Please reproduce the data exactly, excluding any pictures it contains.

=-=-=

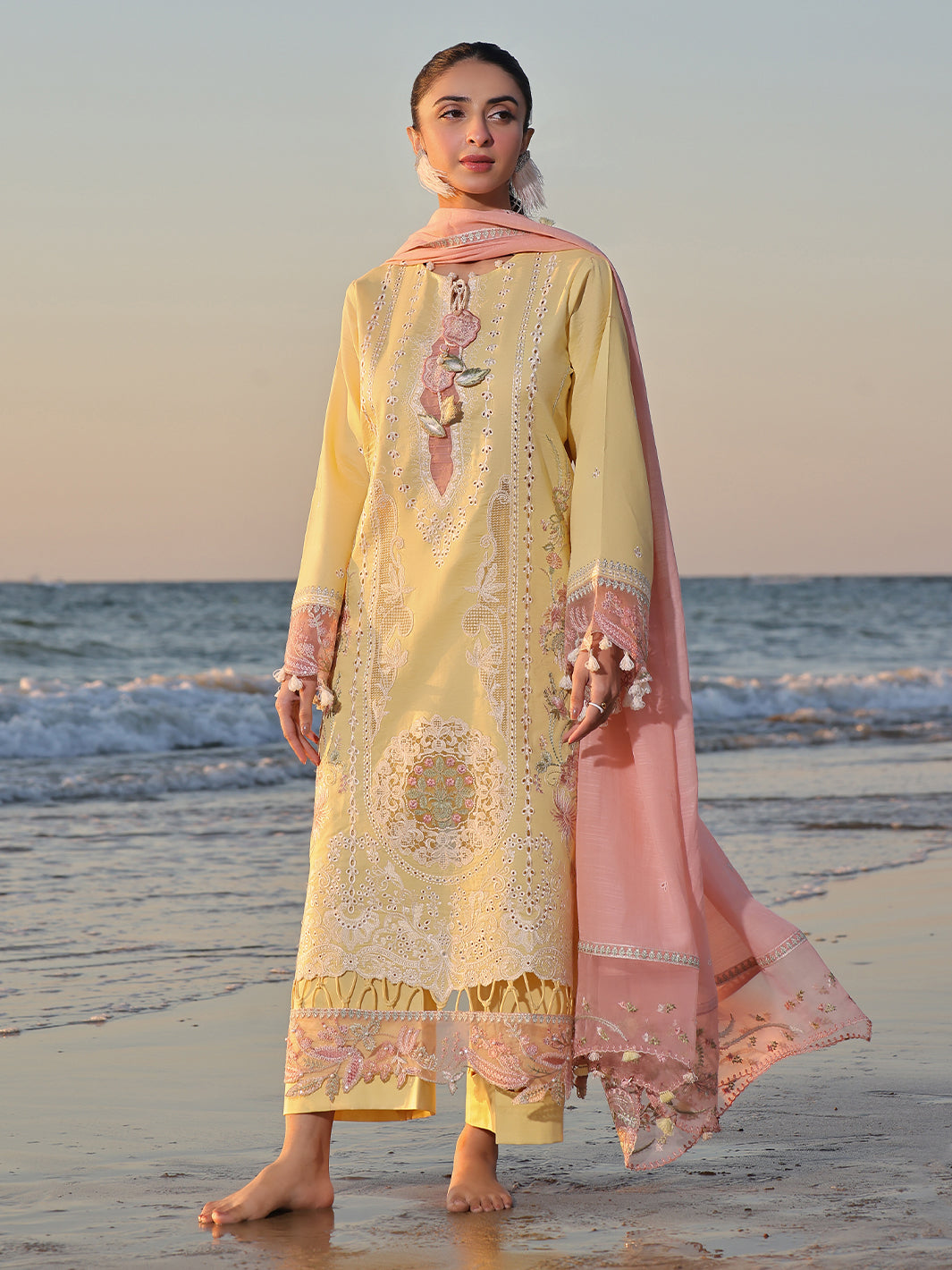 Izel | Saahil Signature Lawn 24 | MUSHQ - House Of Hania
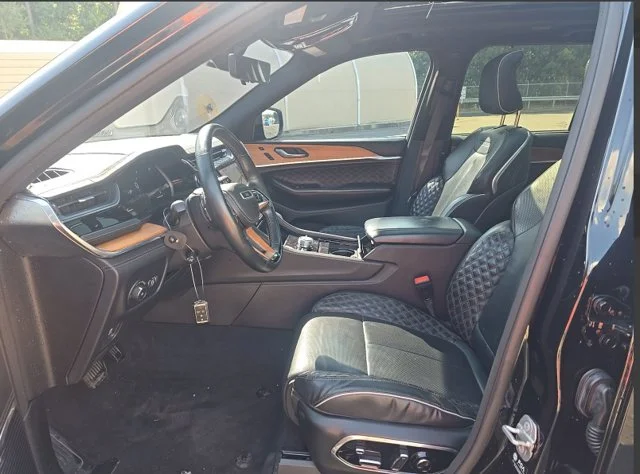 Used 2022 Black Jeep Summit Reserve image 9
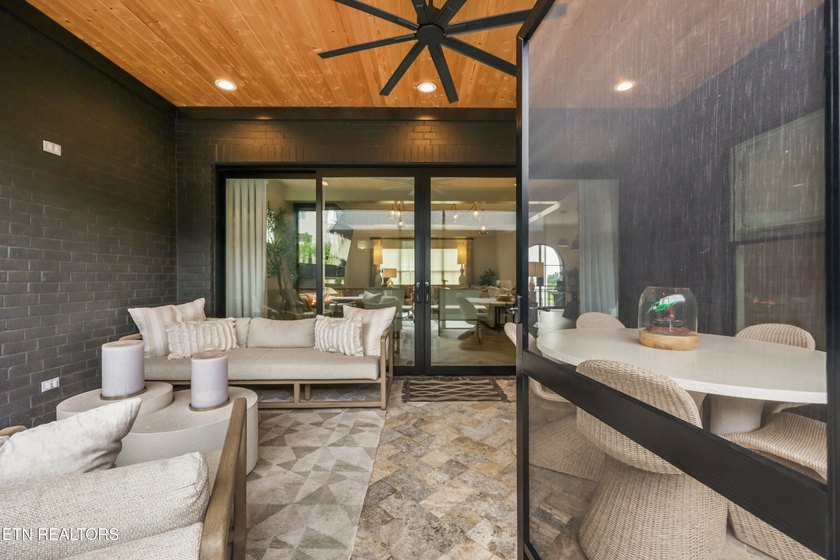 Featured in the Parade of Homes, this extraordinary 4 bed, 6 - photo 20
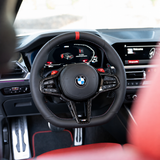 BMW Alcantara Volant en fibre de carbone sec mat à fond plat à rayures rouges pour châssis G/F - Design Signature CARBONE pour F90 M5 M8 X5 X6 M850i ​​M840i M550 M540i 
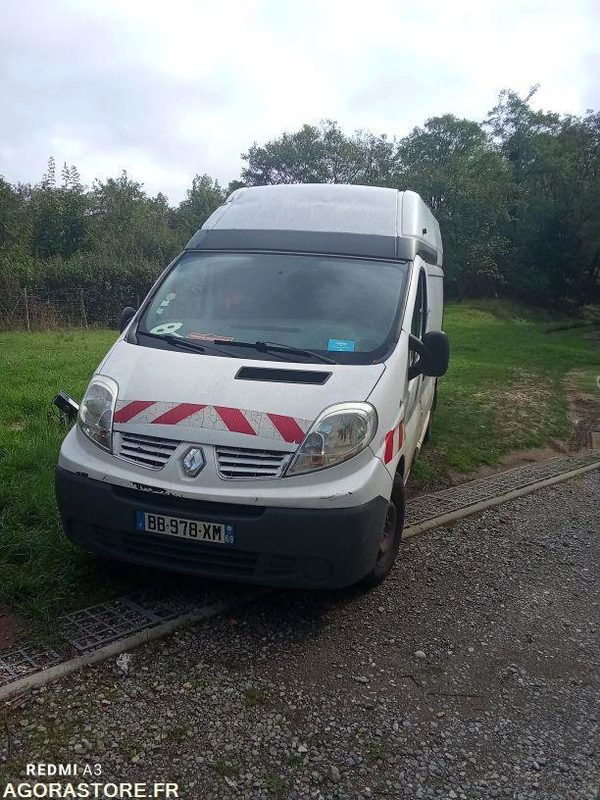 RENAULT TRAFIC - Furgon: foto 2 RENAULT TRAFIC - Furgon: foto 2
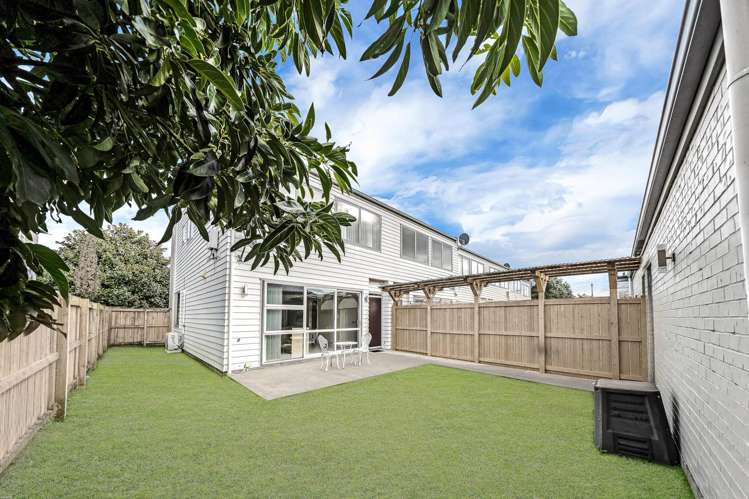 87 Popokatea Drive Takanini_13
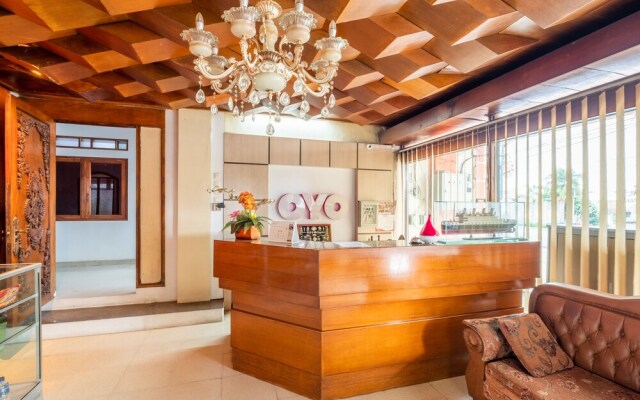 Hotel Azalea Syariah by OYO Rooms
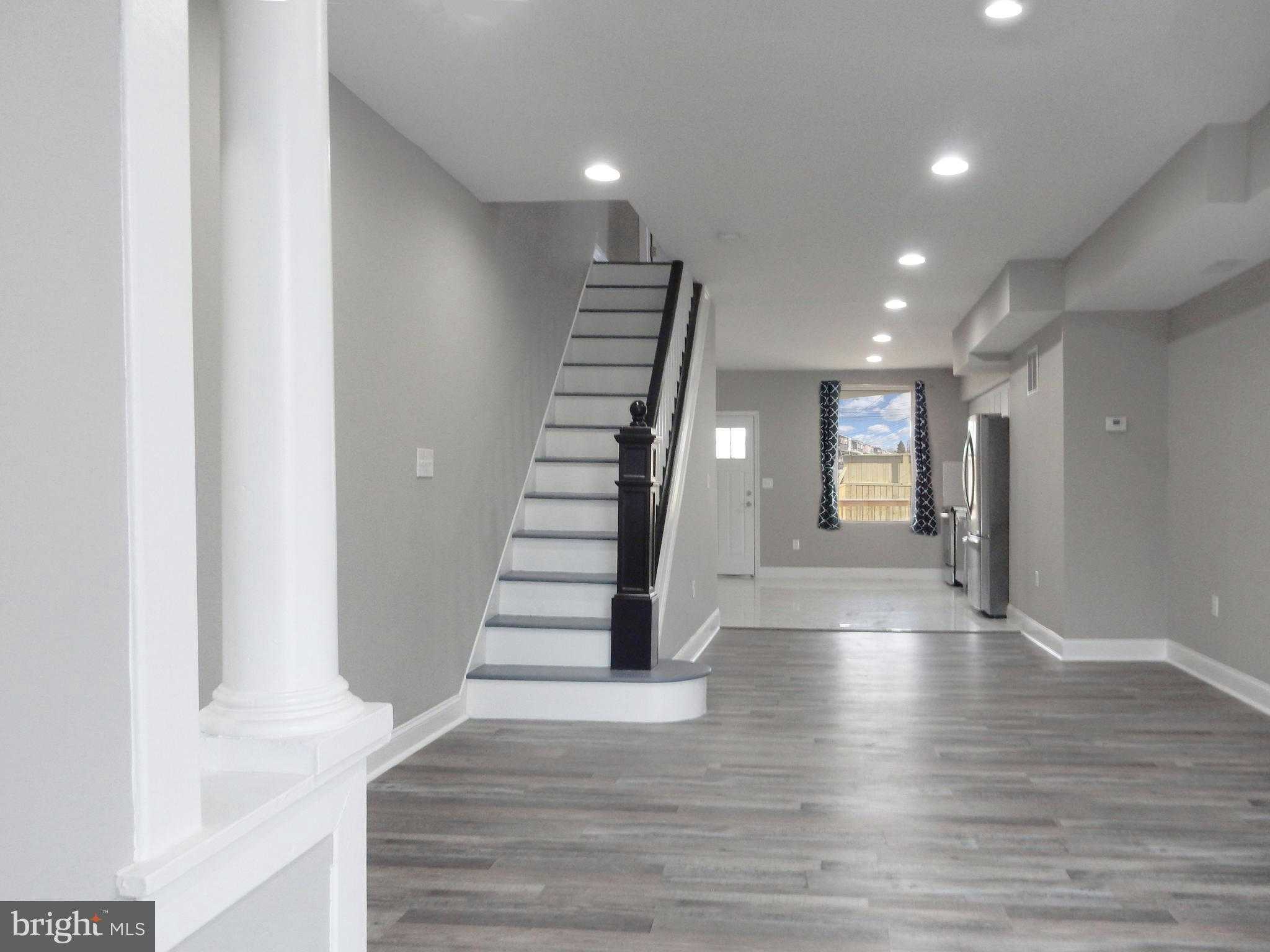 1111 Bayard St photo 6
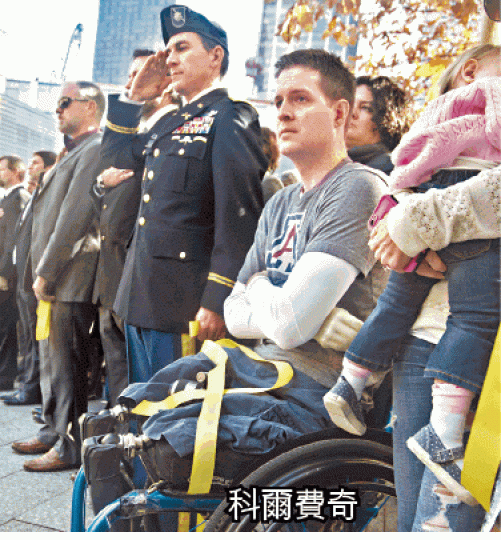 美國退役軍人科爾費奇組織眾籌撐特朗普建圍牆。美聯社
美國退役軍人科爾費奇組織眾籌撐特朗普建圍牆。美聯社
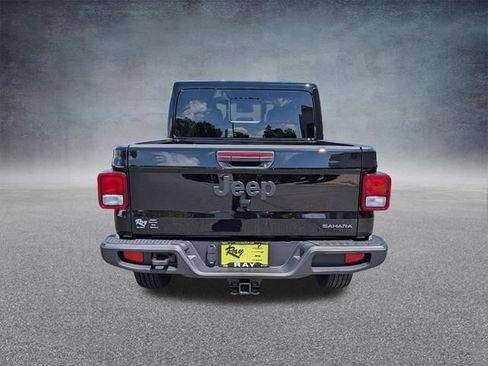 New 2026 Jeep Gladiator Sport AWD/4WD image 5
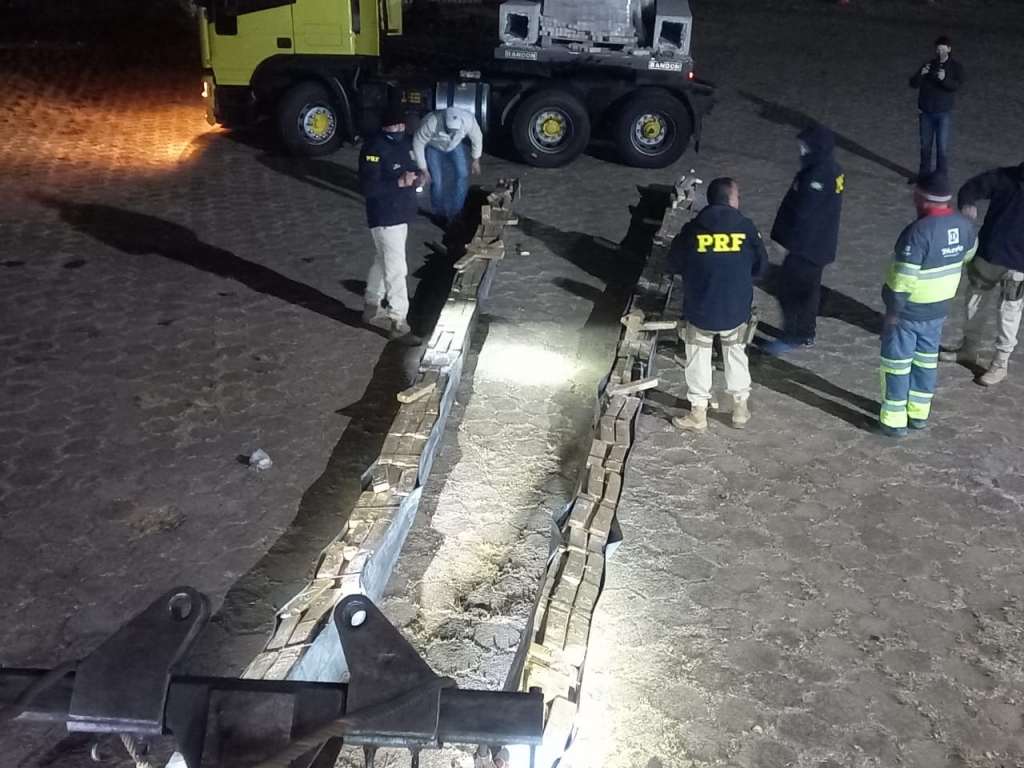 PRF apreende 782kg de maconha em vigas de concreto na BR-153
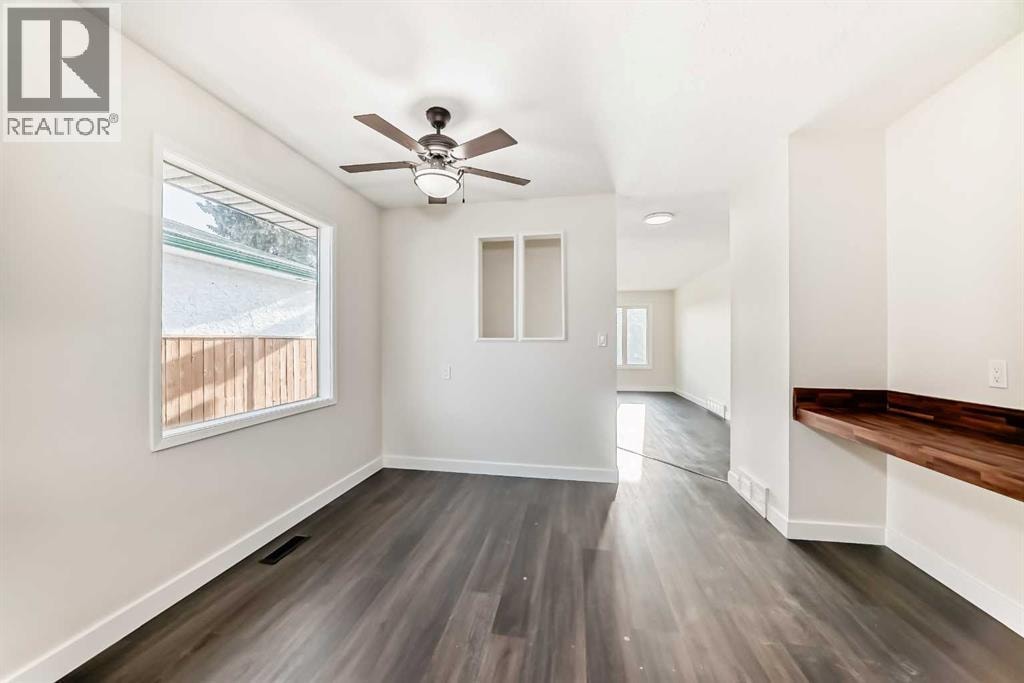 404 Acacia Drive SE — photo 9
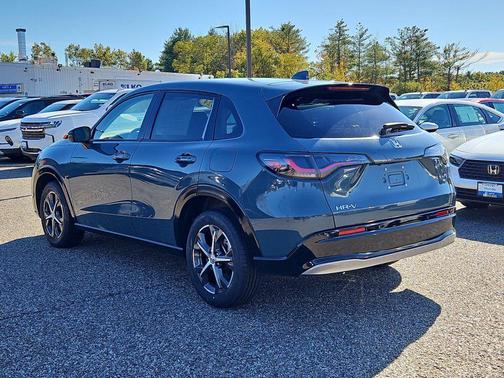 Nordic Forest Pearl 2024 Honda HR-V EX-L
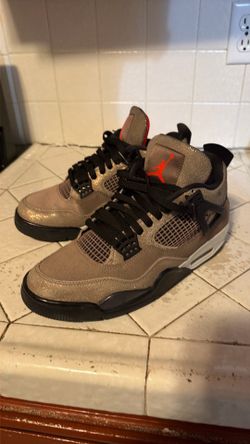 Jordan 4 taupe haze size 9.5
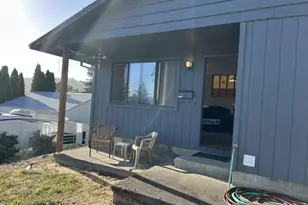 1125 Maple St, Myrtle Point, OR 97458 - Photo 2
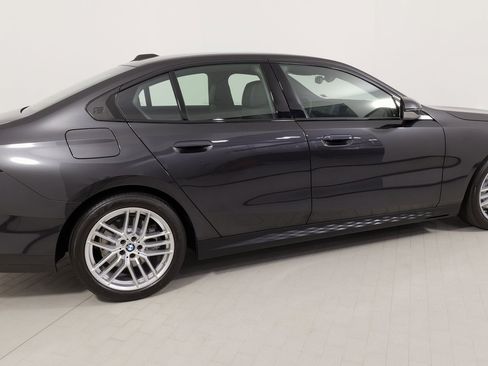 Used 2024 BMW 530i image 11
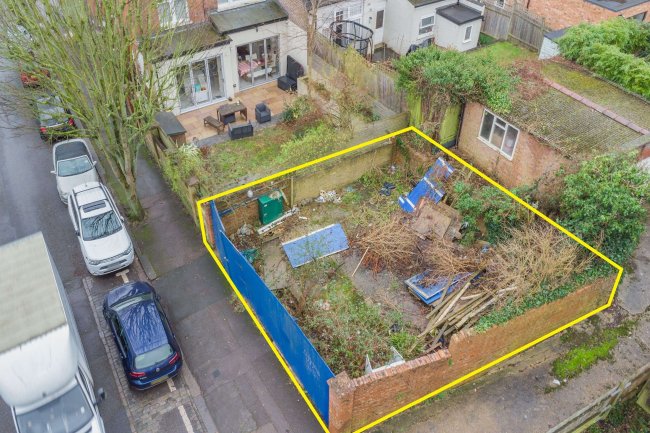 Land to the rear of 25 Dukes Avenue, Muswell Hill, London N10 2PS 8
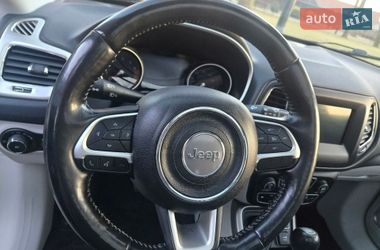 Внедорожник / Кроссовер Jeep Compass 2017 в Калуше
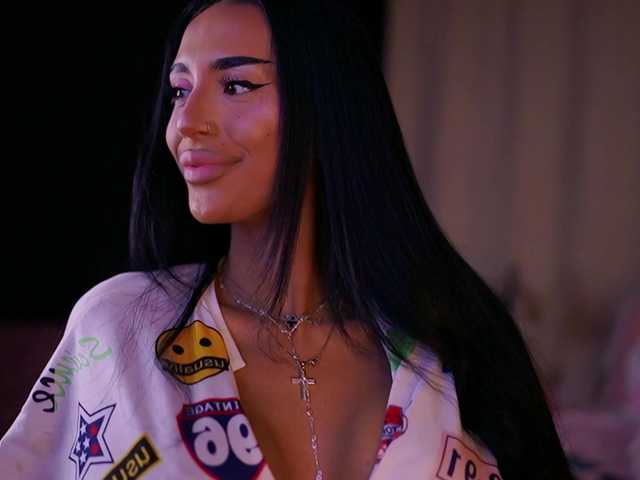 KimNaty live cam preview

=-=-=

* _RESPONSE TO THE EXERCISE_:
 Izel | Saahil Signature Lawn 24 | MUSHQ - House Of Hania
 Used 2022 Black Jeep Summit Reserve image 9
 Featured in the Parade of Homes, this extraordinary 4 bed, 6 - photo 20
 BMW Alcantara Volant en fibre de carbone sec mat à fond plat à rayures rouges pour châssis G/F - Design Signature CARBONE pour F90 M5 M8 X5 X6 M850i ​​M840i M550 M540i 
 RENAULT TRAFIC - Furgon: foto 2 RENAULT TRAFIC - Furgon: foto 2
 87 Popokatea Drive Takanini_13
 Hotel Azalea Syariah by OYO Rooms
 1111 Bayard St photo 6
 美國退役軍人科爾費奇組織眾籌撐特朗普建圍牆。美聯社
美國退役軍人科爾費奇組織眾籌撐特朗普建圍牆。美聯社
 New 2026 Jeep Gladiator Sport AWD/4WD image 5
 PRF apreende 782kg de maconha em vigas de concreto na BR-153
 404 Acacia Drive SE — photo 9
 Nordic Forest Pearl 2024 Honda HR-V EX-L
 Jordan 4 taupe haze size 9.5
 1125 Maple St, Myrtle Point, OR 97458 - Photo 2
 Used 2024 BMW 530i image 11
 Land to the rear of 25 Dukes Avenue, Muswell Hill, London N10 2PS 8
 Внедорожник / Кроссовер Jeep Compass 2017 в Калуше
 KimNaty live cam preview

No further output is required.